Tory and his father, Cris Tory of Total Meats, were already supplying meat to restaurants, pubs, hotels and clubs around Sydney when they had the idea of servicing time-poor consumers as well.

Tory said Butcherman was one of the first online meat suppliers on the market in Sydney and is now into its sixth year of operation. He told Computerworld one of the greatest challenges of the online business wasn’t in setting up systems or navigating security concerns, but in changing the mindset of the public. When it comes to food – meat in particular – consumers like to choose it themselves.

“They want to go to their local butcher shop, point to a piece of meat and say ‘I’ll have that one’ … That is the single biggest thing stopping people ordering their meat online,” Tory said.

On the technical side of things, Tory was adamant he did not want to retain customers' credit card details. However, this posed challenges due to the nature of cutting meat. For example, consumers might ask for a 500g piece of rump steak at $10/kg, expecting to pay $5.00. However, they may actually get a 580g piece, costing more. To avoid storing credit card details, Butcherman sets the exact price beforehand and cuts all meat to be slightly over what the customer orders.

It was challenges like this which Tory said he has managed himself – he hasn’t had support from any other online businesses.

Tory would like to eventually include an online order tracking system so customers can log on and track their order instead of calling him. However, he concedes this won’t happen in the near future due to its cost. In the meantime, Butcherman’s delivery vehicles are equipped with a GPS so he can view where trucks are. Tory may also expand the number of delivery time options in the future.

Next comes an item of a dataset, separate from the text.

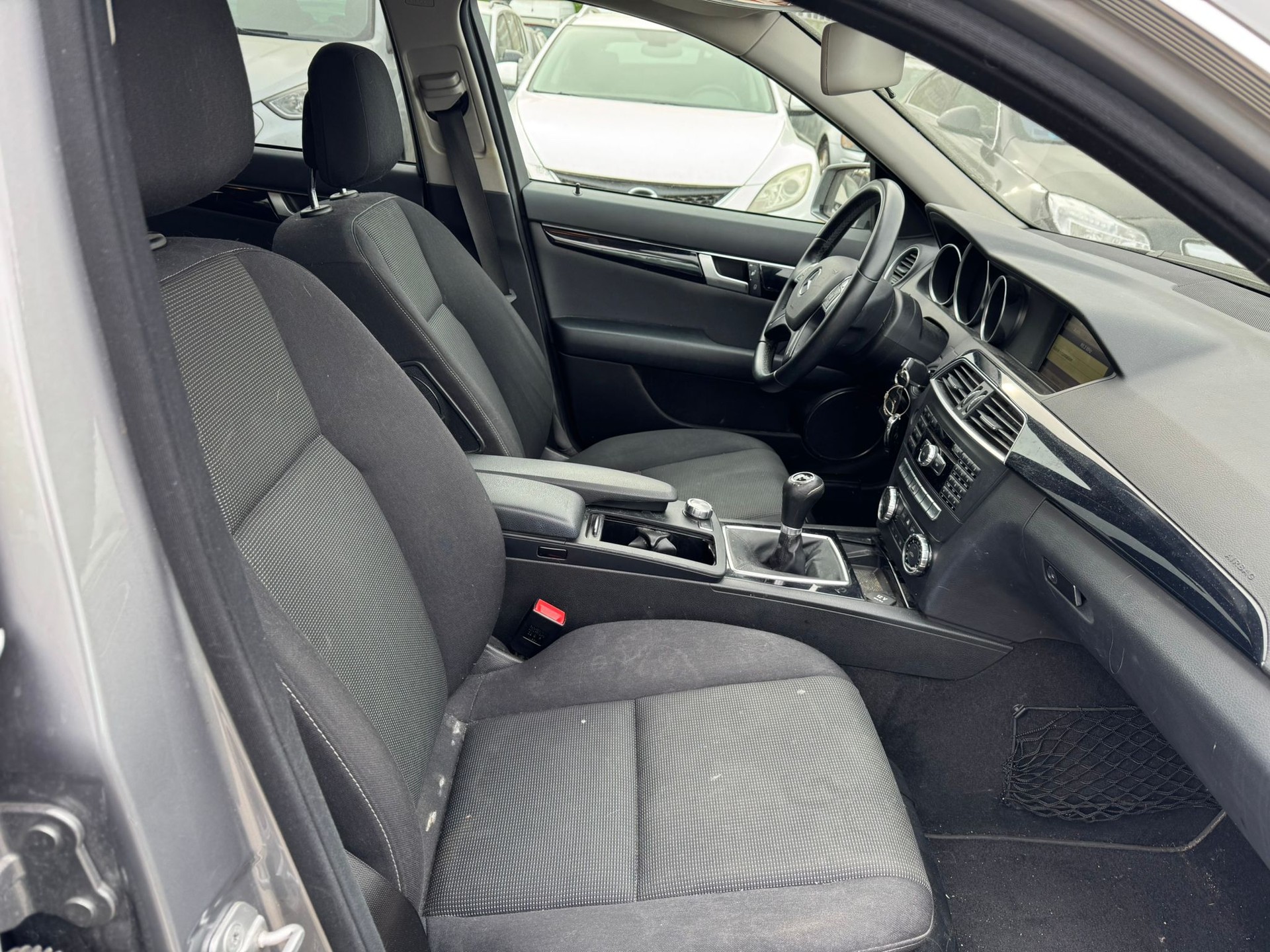 MERCEDES-BENZ C 220 CDI Elégance-image-13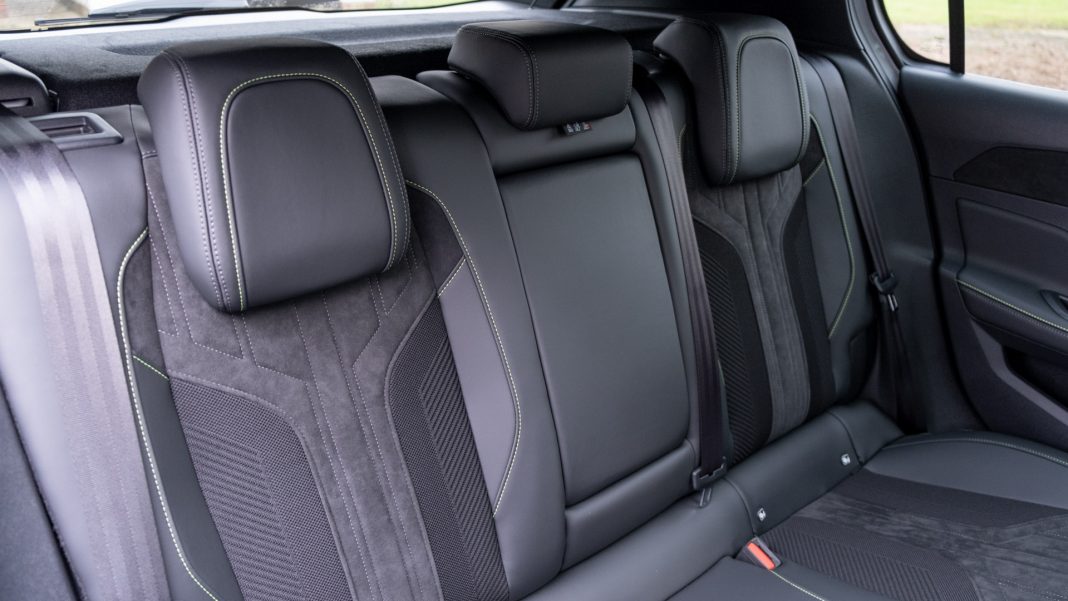 Peugeot e-308 rear seats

The back-end of the online system is constantly changing, Tory says. “It’s forever offering me more reports and more [information] like where they found me [and] the most clicked on items. It’s interesting that the most clicked on items might be a cut of wagyu beef, but it might not necessarily be the most purchased item. So that helps us with offering specials for those sorts of products.”

Tory also wants the company’s social media presence to grow; he said it has been an effective means of advertising.

“If you advertise on Facebook, they can immediately click to your website and place an order. We’re very much targeting online users,” he said.

Word-of-mouth is also being used to advertise the business in a referral system — customers receive a $5 credit for every order a friend makes.

While some consumers may still be reticent to order perishable goods online, Tory said online food retailers will grow.

“The fruit industry is already big… Butcher shops are doing the same thing, but they’re coming from a butcher shop angle where they’re just a one-off butcher shop trying to do their local area. They don’t buy the same sort of bulk as what we do.

“I have a friend who lives in America who said he orders absolutely everything online. I think we’re still 10 years behind them, but we’re heading that way.”